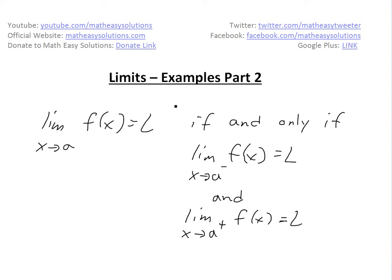Hi, it's time for another Math Easy Solution. We'll go further into limits and do examples part two of this example series on limits in general.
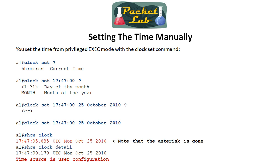To set the time manually — I have a whole separate lesson on this — you'll want to know this for NTP especially if you're setting up a router as an authoritative NTP server. If you're going to share out time, you want your time to be accurate. You do this from privileged exec mode — it's not a configuration mode command. It's 'clock set,' and you can use help to guide yourself through it. When you run 'show clock' afterward, the asterisk will be gone. 'Show clock detail' will say the time was set by the user.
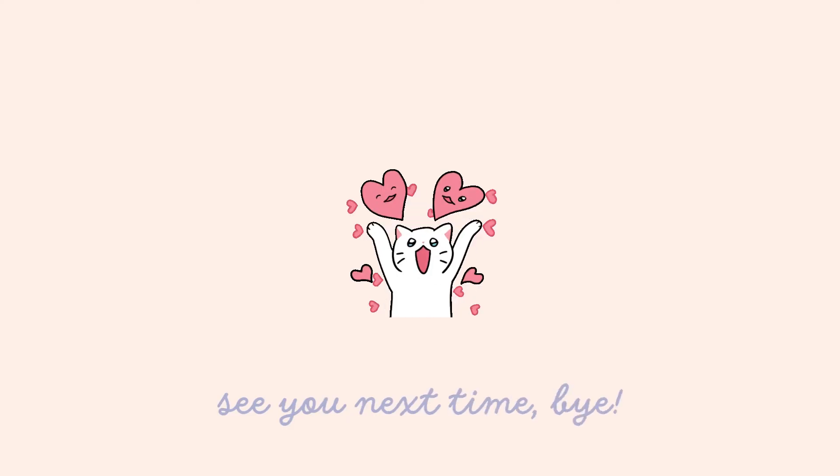I hope you find this video helpful. Please give it some love if you like it and see you next time. Bye.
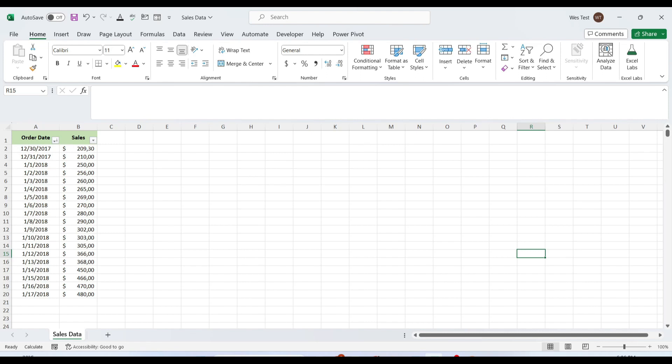To add a trendline in Excel, we need to insert the chart for the available data. We can add a trendline to a column chart, line chart, bar chart, scattered chart, or stock chart. But we cannot add a trendline to 3D or stacked charts, radar charts, or pie chart.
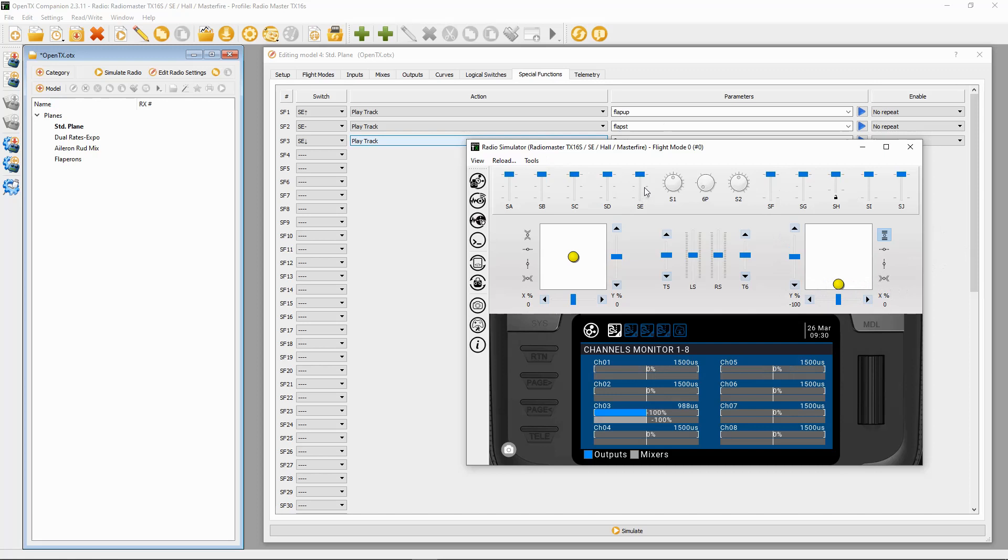If I bring the flaps down to the first settings, you can see the flaps coming down. There we go, everything's working fine. So that's how you set up flapperons in OpenTX.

**Task item:**
I'd like the entries above repeated exactly, but without any of their pictures.

**Answer to this task:**
Hi, it's time for another Math Easy Solution. We'll go further into limits and do examples part two of this example series on limits in general.
To set the time manually — I have a whole separate lesson on this — you'll want to know this for NTP especially if you're setting up a router as an authoritative NTP server. If you're going to share out time, you want your time to be accurate. You do this from privileged exec mode — it's not a configuration mode command. It's 'clock set,' and you can use help to guide yourself through it. When you run 'show clock' afterward, the asterisk will be gone. 'Show clock detail' will say the time was set by the user.
I hope you find this video helpful. Please give it some love if you like it and see you next time. Bye.
To add a trendline in Excel, we need to insert the chart for the available data. We can add a trendline to a column chart, line chart, bar chart, scattered chart, or stock chart. But we cannot add a trendline to 3D or stacked charts, radar charts, or pie chart.
If I bring the flaps down to the first settings, you can see the flaps coming down. There we go, everything's working fine. So that's how you set up flapperons in OpenTX.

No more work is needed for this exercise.